Exercise: Images stay out. Everything else in the records is repeated exactly.

Record excerpts:

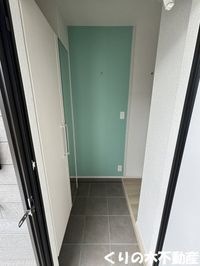 収納もある玄関です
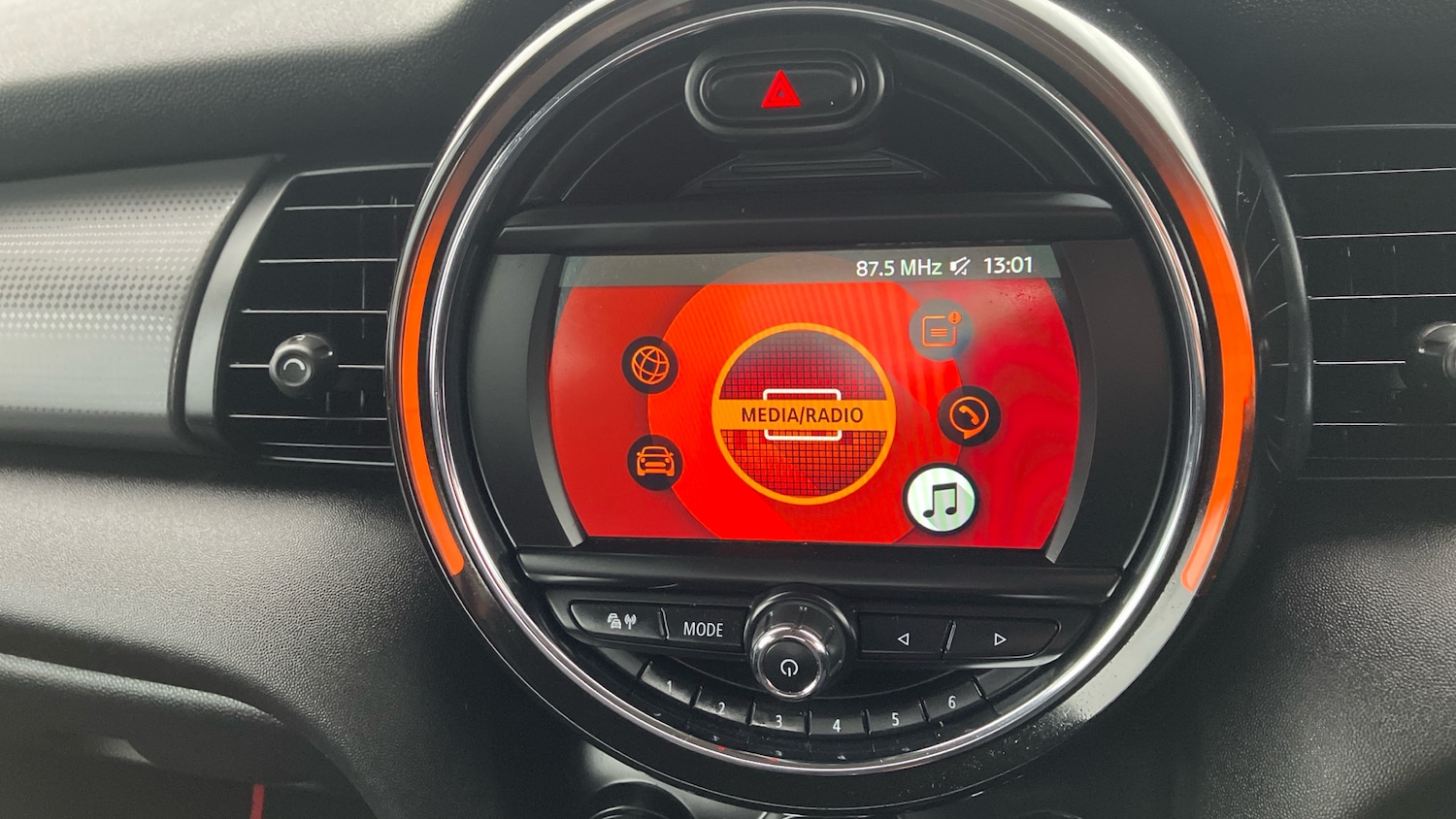 Used MINI Hatch 2020 for sale - 76748859: Photo 32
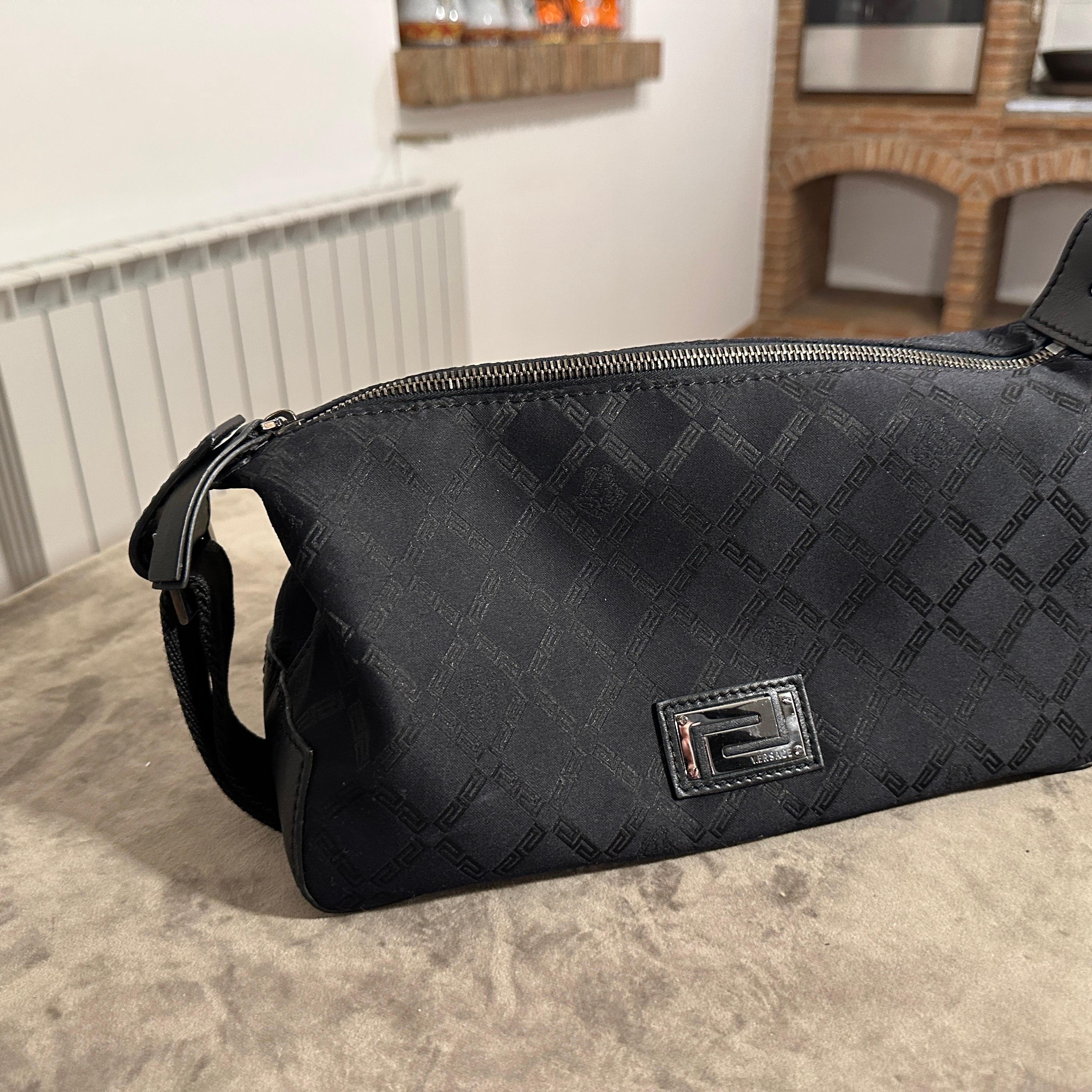 1990er Jahre Schwarze Handtasche aus Stoff und Leder von Gianni Versace im Angebot 16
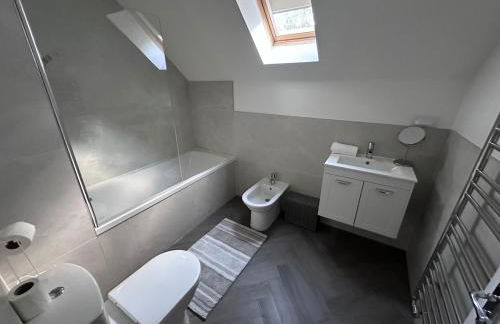 Elegant 5 Bed 5 Bath Home - Foto 14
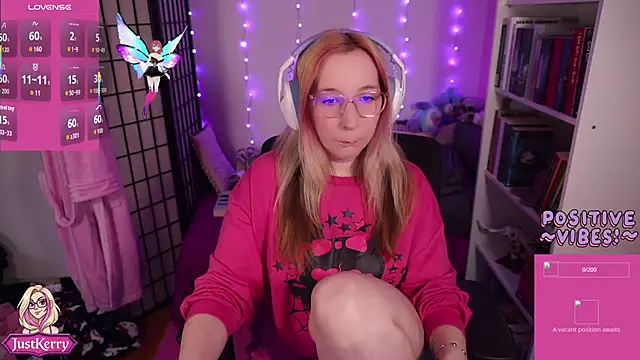 Snapshot of JustKerry chatting on 10/24/25, 08:44 JustKerry online show from 10/24/25, 08:44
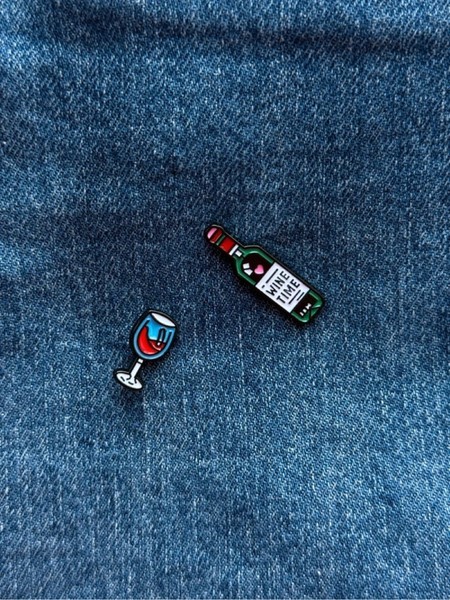 Wine and bottle Wine time pin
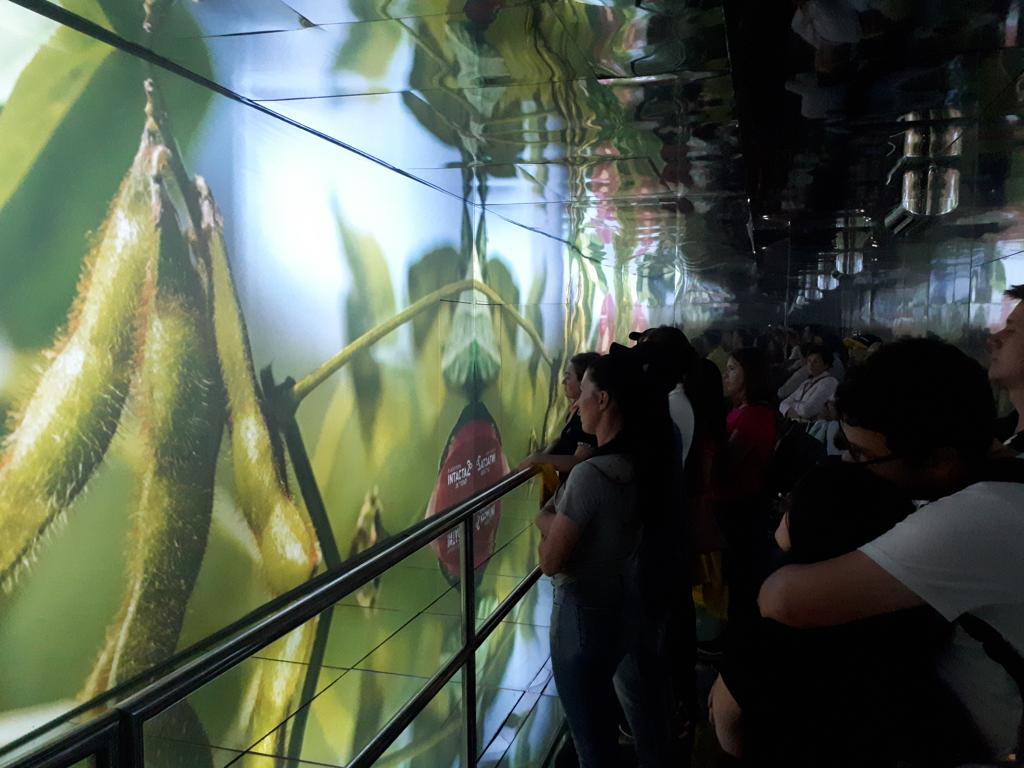 Público assiste a apresentação sobre terceira geração de transgênicos em stand da Bayer no Show Rural, em Cascavel | Marcos Tosi/Gazeta do Povo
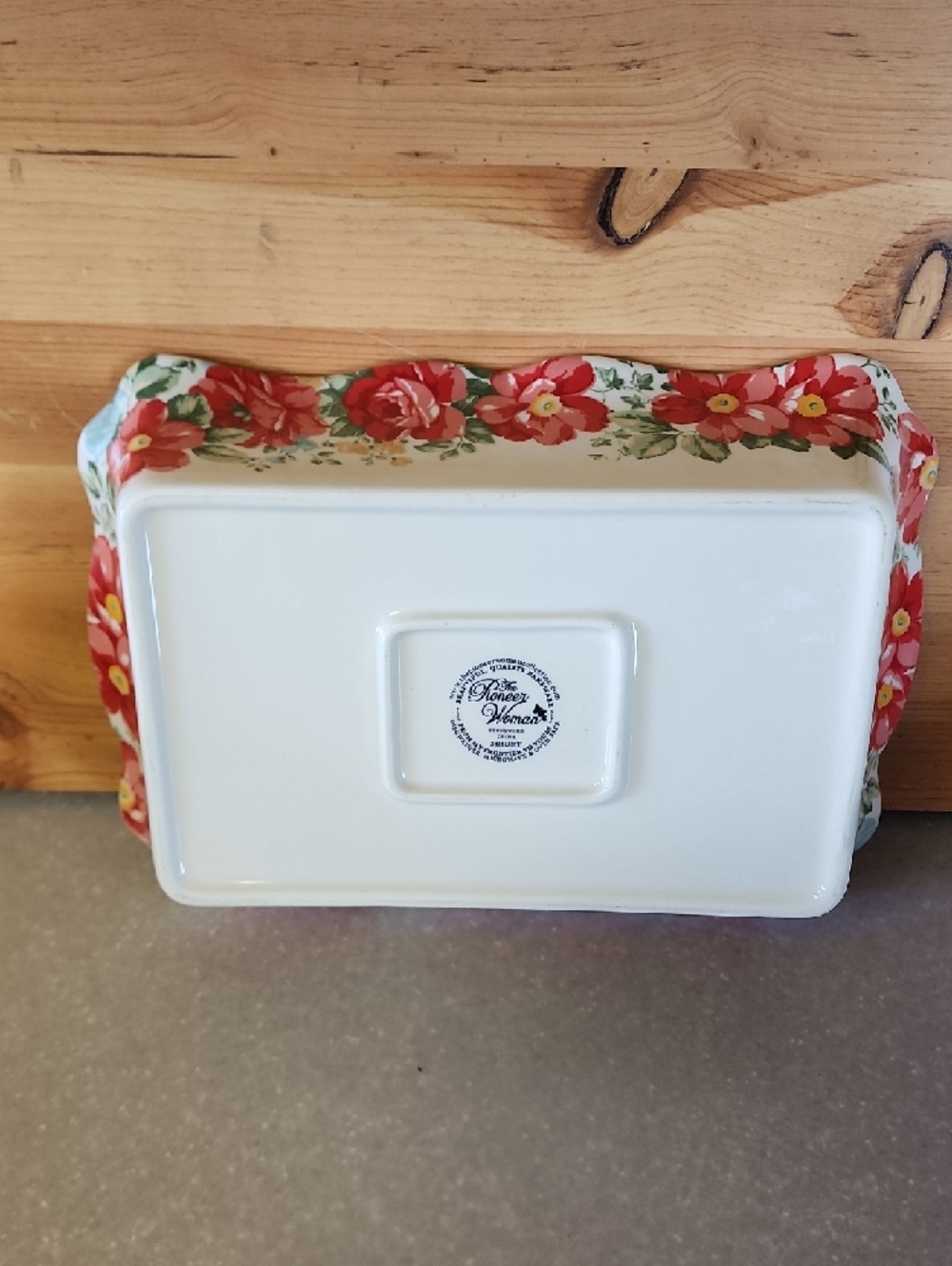 The Pioneer Woman Floral Ceramic Baking Dish with Red Trim. - Picture 6 of 12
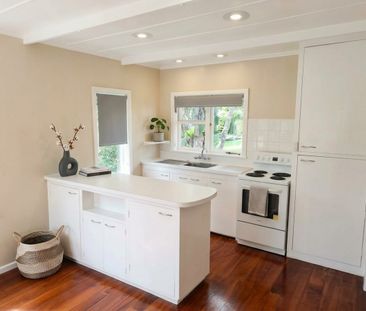 19 Derwent Crescent, Titirangi - Photo 5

Problem solution:
 収納もある玄関です
 Used MINI Hatch 2020 for sale - 76748859: Photo 32
 1990er Jahre Schwarze Handtasche aus Stoff und Leder von Gianni Versace im Angebot 16
 Elegant 5 Bed 5 Bath Home - Foto 14
 Snapshot of JustKerry chatting on 10/24/25, 08:44 JustKerry online show from 10/24/25, 08:44
 Wine and bottle Wine time pin
 Público assiste a apresentação sobre terceira geração de transgênicos em stand da Bayer no Show Rural, em Cascavel | Marcos Tosi/Gazeta do Povo
 The Pioneer Woman Floral Ceramic Baking Dish with Red Trim. - Picture 6 of 12
 19 Derwent Crescent, Titirangi - Photo 5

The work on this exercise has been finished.